Ein blinkendes Licht blitzte ihm in die Augen, seine Reflexe ließen ihn einen Satz nach vorne machen. Er rollte sich über die verwundete Schulter ab, fühlte aber keinen Schmerz. Ein kräftiger Scheinwerfer hatte die Düsternis durchstochen, die das Bahnhofsgelände einhüllte, und jetzt hallten Schüsse durch die Nacht. Kugeln bohrten sich rings um ihn in den Boden oder pfiffen ihm über den Kopf. Er rollte sich weiter, wußte, daß eine der Kugeln ihn am linken Arm getroffen hatte.

Jetzt hatte er den Rand der Kiesfläche erreicht und hob seine Pistole, richtete sie auf das blendende Licht. Er feuerte schnell in Richtung auf den Feind. Der Scheinwerfer explodierte; dann hallte ein Schrei. Tanner drückte immer wieder ab, bis das Magazin leer war. Er versuchte, mit der linken Hand in die Tasche zu greifen und einen zweiten Ladestreifen herauszuholen, mußte aber feststellen, daß er den Arm nicht bewegen konnte.
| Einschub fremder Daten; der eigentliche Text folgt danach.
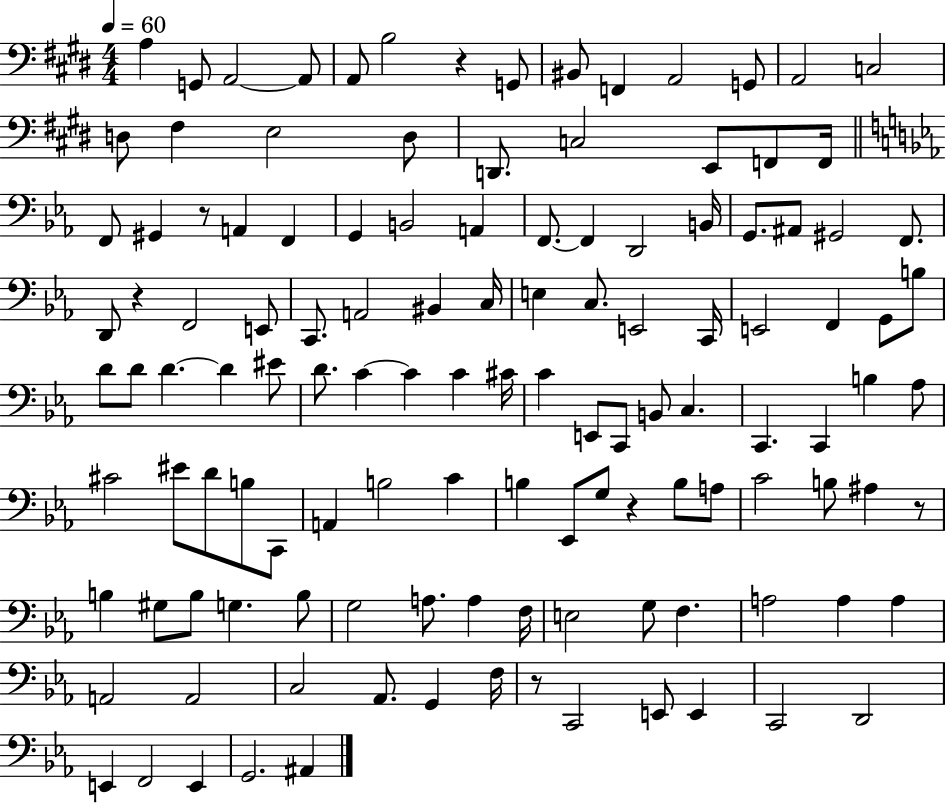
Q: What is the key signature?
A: E major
Jetzt herrschte wieder Stille. Er legte die Pistole hin und holte schwerfällig mit der rechten Hand ein Magazin heraus. Dann drehte er die Pistole herum, hielt den heißen Lauf mit den Zähnen fest und schob das frische Magazin in die Kammer, verbrannte sich dabei die Lippen.
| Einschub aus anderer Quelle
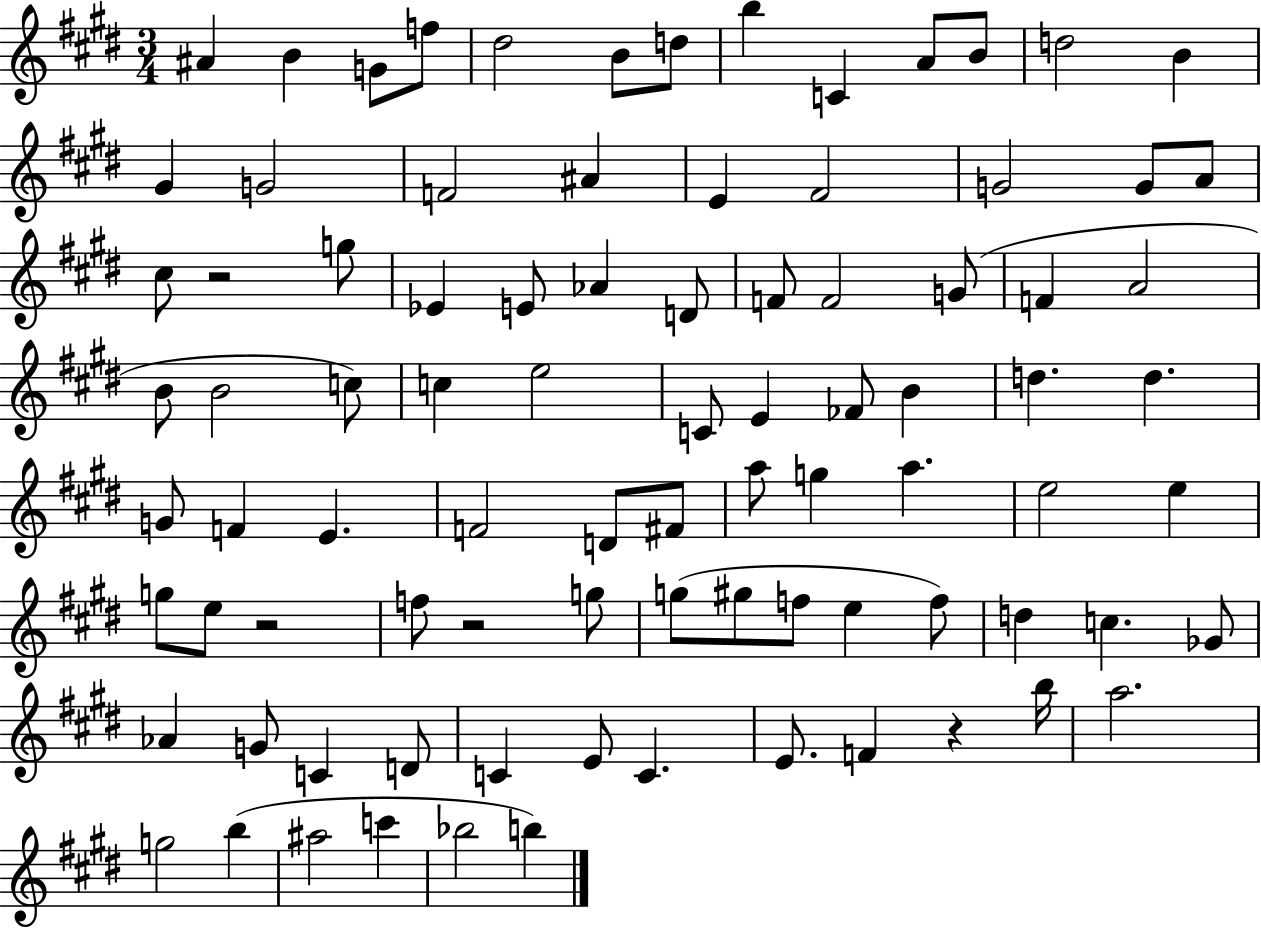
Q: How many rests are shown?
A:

Er wartete darauf, daß sein Feind sich bewegte, irgendein Geräusch verursachte. Aber nichts regte sich.

Langsam erhob er sich. Sein linker Arm war jetzt völlig bewegungsunfähig. Er hielt die Pistole vor sich, bereit abzudrücken, wenn sich das geringste im Gras bewegte.

Aber da war nichts.

Tanner schob sich rückwärts durch die Bahnhofstüre, hielt die Waffe in die Höhe, tastete den Boden vorsichtig mit den Füßen ab, um nicht von einem unerwarteten Hindernis zu Fall gebracht zu werden. Jetzt erreichte er die mit Brettern vernagelte Türe, wußte, daß er sich unmöglich Zugang verschaffen konnte, wenn sie zugenagelt war. Sein Körper war jetzt fast bewegungsunfähig. Er verfügte nur noch über wenig Kraft.
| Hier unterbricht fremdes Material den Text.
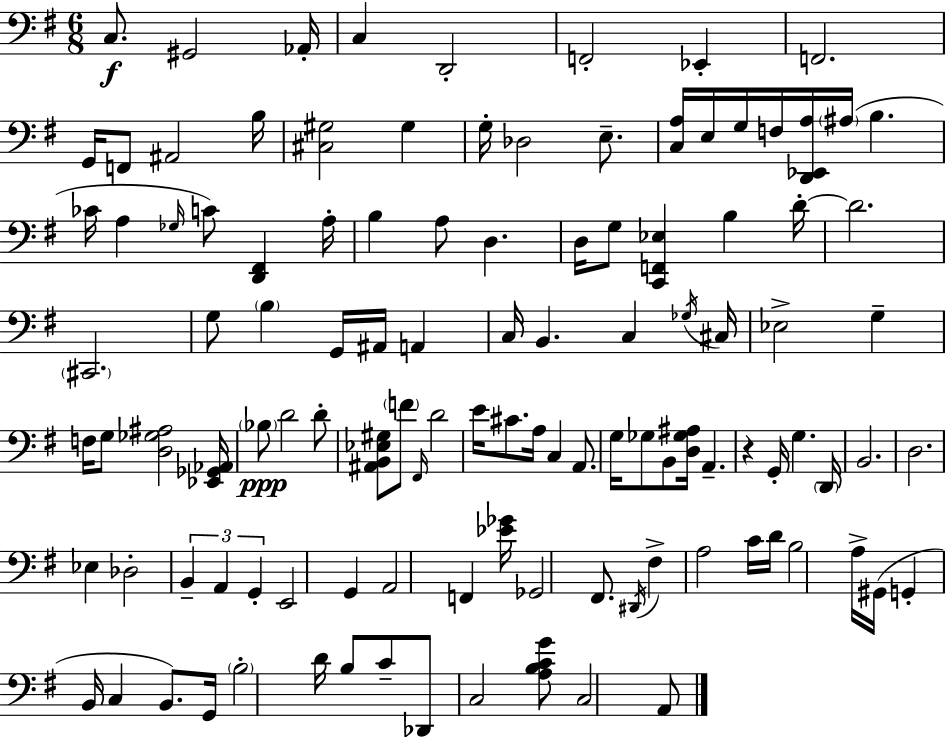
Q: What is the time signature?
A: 6/8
Trotzdem drückte er mit dem Rücken gegen die Tür, und das schwere Holz gab leicht nach, ächzte dabei laut. Tanner drehte den Kopf und sah, daß der Spalt drei oder vier Zoll breit war. Die alten Scharniere waren mit Rost verkrustet. Er warf sich mit der rechten Schulter gegen die Tür, und sie gab nach, ließ Tanner in die Finsternis stürzen, auf den verfaulenden Boden des Stationsgebäudes.

Dort blieb er ein paar Sekunden lang liegen. Die Bahnhof sture stand jetzt zu Dreiviertel offen, die obere Hälfte war aus den Angeln gebrochen. Die fünfzig Meter entfernte Straßenlaterne lieferte stumpfes Licht. Zerbrochene oder fehlende Bretter im Dach ließen etwas Helligkeit hereinfallen.

Plötzlich hörte Tanner ein ächzendes Geräusch hinter sich. Unverkennbar ein Schritt auf dem verfaulenden Boden. Er versuchte sich umzudrehen, versuchte aufzustehen. Zu spät. Etwas schmetterte ihm gegen den Schädel. Er fühlte, wie ihn Benommenheit umfing, sah aber den Fuß. Einen in Verbände gehüllten Fuß.

Als er auf dem verfaulenden Boden zusammenbrach und Schwärze ihn umfing, blickte er nach oben in ein Gesicht.

Tanner wußte, daß er Omega gefunden hatte.

Es war Laurence Fassett.

Kapitel 29

Wie lange er bewußtlos gelegen hatte, wußte er nicht. Fünf Minuten? Eine Stunde?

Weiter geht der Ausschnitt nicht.